PROBLEM DESCRIPTION: Pictures in the records below must be left out. Return exactly the lines from the line with "Kate, Büzgü Detaylı, Organik" to the line with "Seltmann Vohenstrauss., снимка", both included.

TASK INPUTS:

◆ ◆ ◆

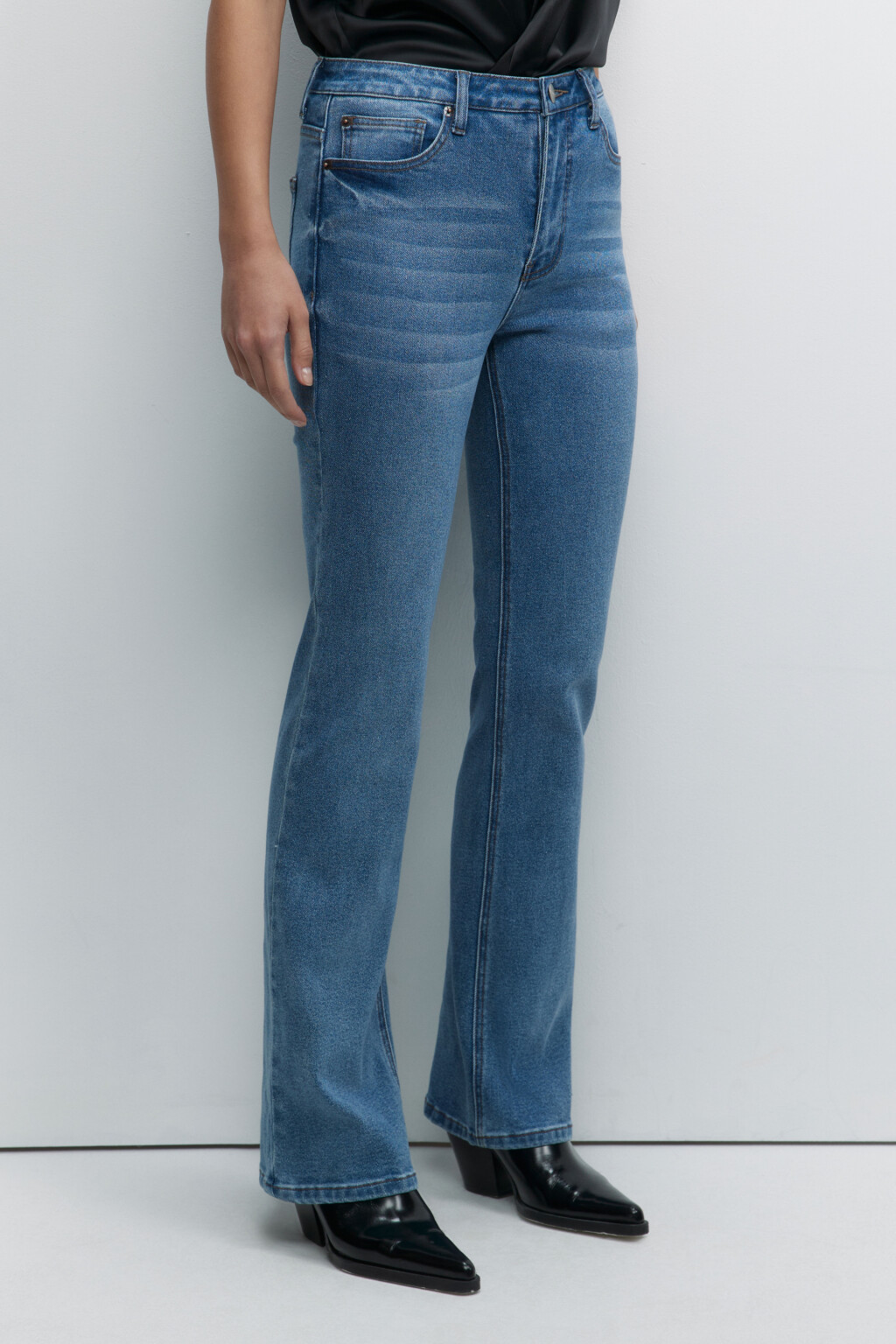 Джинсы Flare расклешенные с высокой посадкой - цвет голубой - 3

◆ ◆ ◆

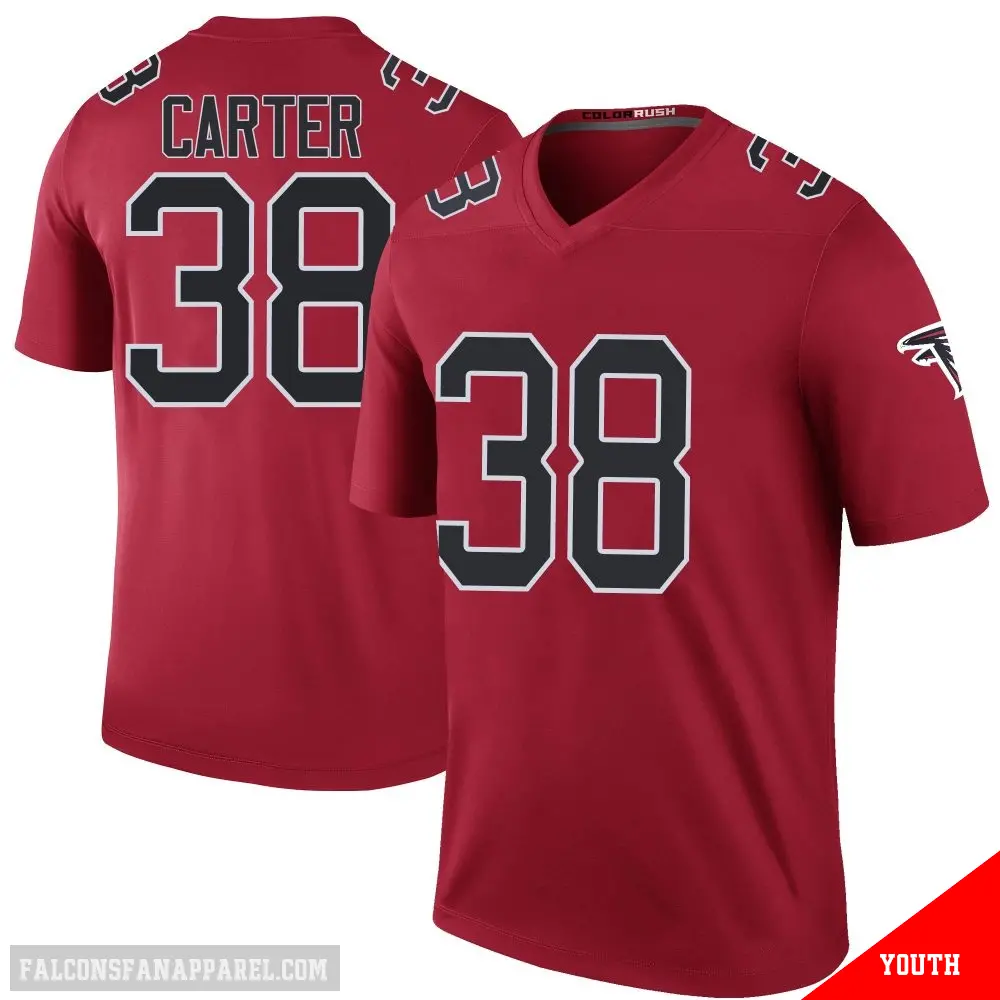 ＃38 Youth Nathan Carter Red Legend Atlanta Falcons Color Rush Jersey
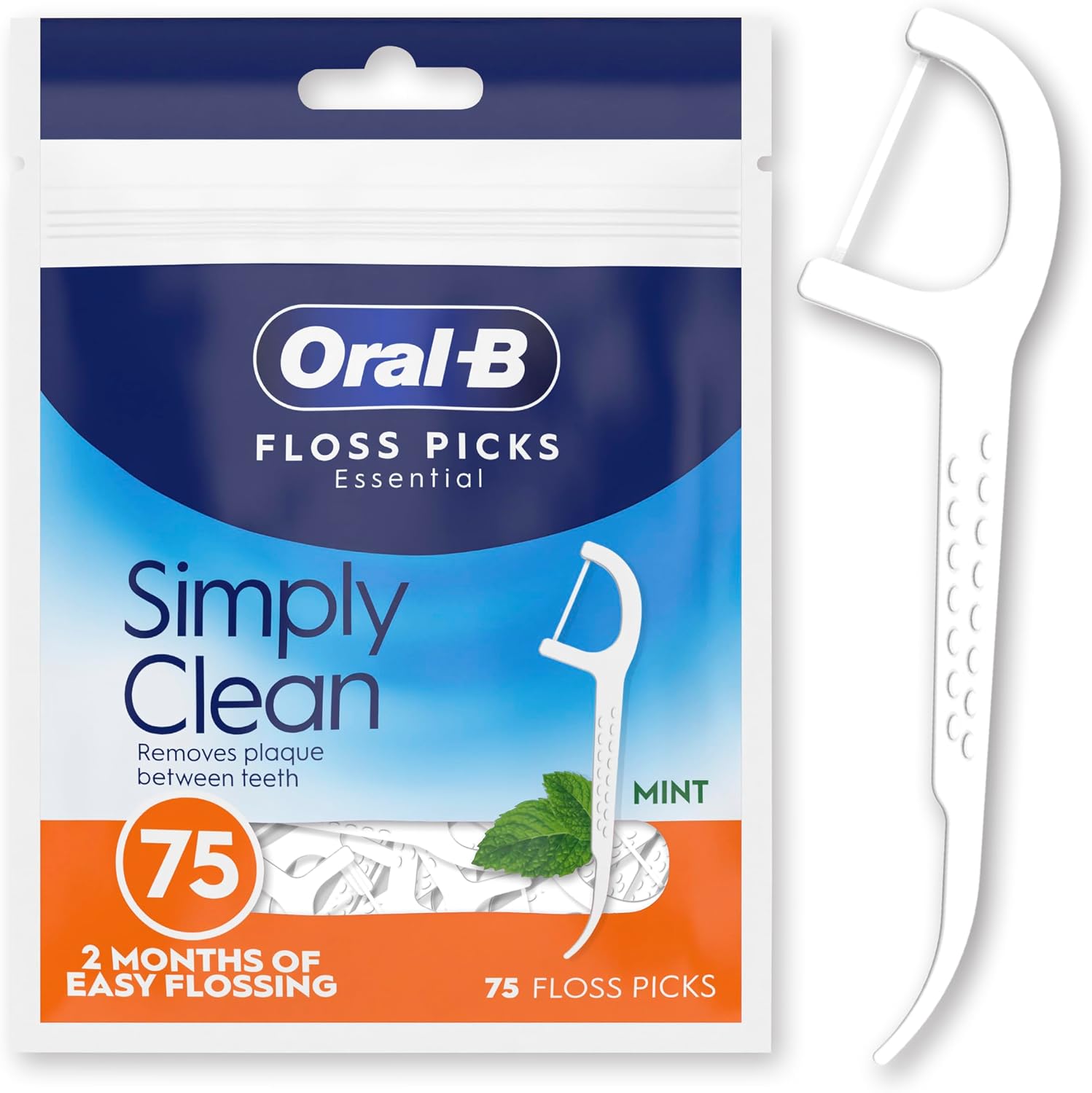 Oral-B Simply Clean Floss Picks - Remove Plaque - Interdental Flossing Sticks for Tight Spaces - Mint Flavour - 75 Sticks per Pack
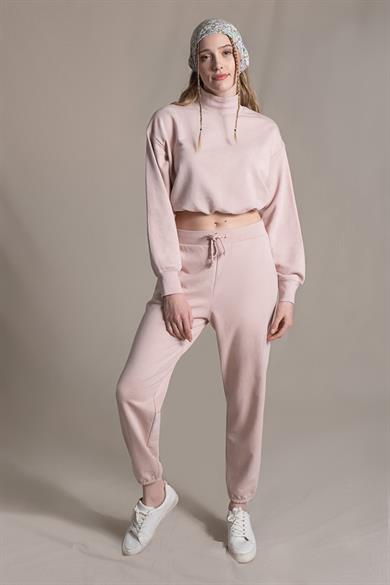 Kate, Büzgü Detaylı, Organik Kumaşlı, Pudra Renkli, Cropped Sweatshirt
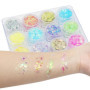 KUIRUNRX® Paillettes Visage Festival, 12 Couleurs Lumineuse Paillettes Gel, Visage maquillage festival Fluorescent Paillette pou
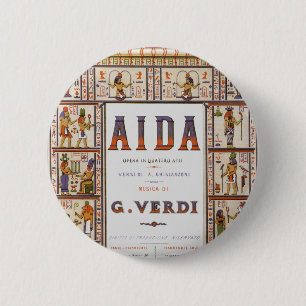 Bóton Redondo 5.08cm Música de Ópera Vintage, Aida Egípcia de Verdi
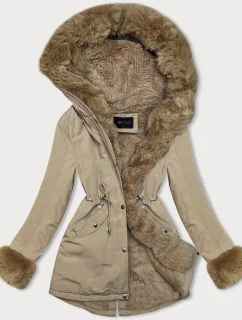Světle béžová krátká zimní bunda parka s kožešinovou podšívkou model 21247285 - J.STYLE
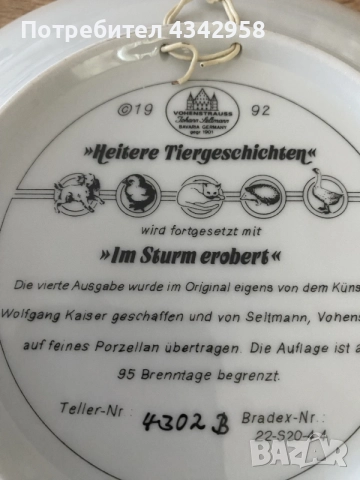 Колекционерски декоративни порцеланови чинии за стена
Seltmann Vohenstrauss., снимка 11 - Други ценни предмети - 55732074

◆ ◆ ◆

OUTPUT FOR THIS TASK:
 Kate, Büzgü Detaylı, Organik Kumaşlı, Pudra Renkli, Cropped Sweatshirt
 KUIRUNRX® Paillettes Visage Festival, 12 Couleurs Lumineuse Paillettes Gel, Visage maquillage festival Fluorescent Paillette pou
 Bóton Redondo 5.08cm Música de Ópera Vintage, Aida Egípcia de Verdi
Světle béžová krátká zimní bunda parka s kožešinovou podšívkou model 21247285 - J.STYLE
 Колекционерски декоративни порцеланови чинии за стена
Seltmann Vohenstrauss., снимка 11 - Други ценни предмети - 55732074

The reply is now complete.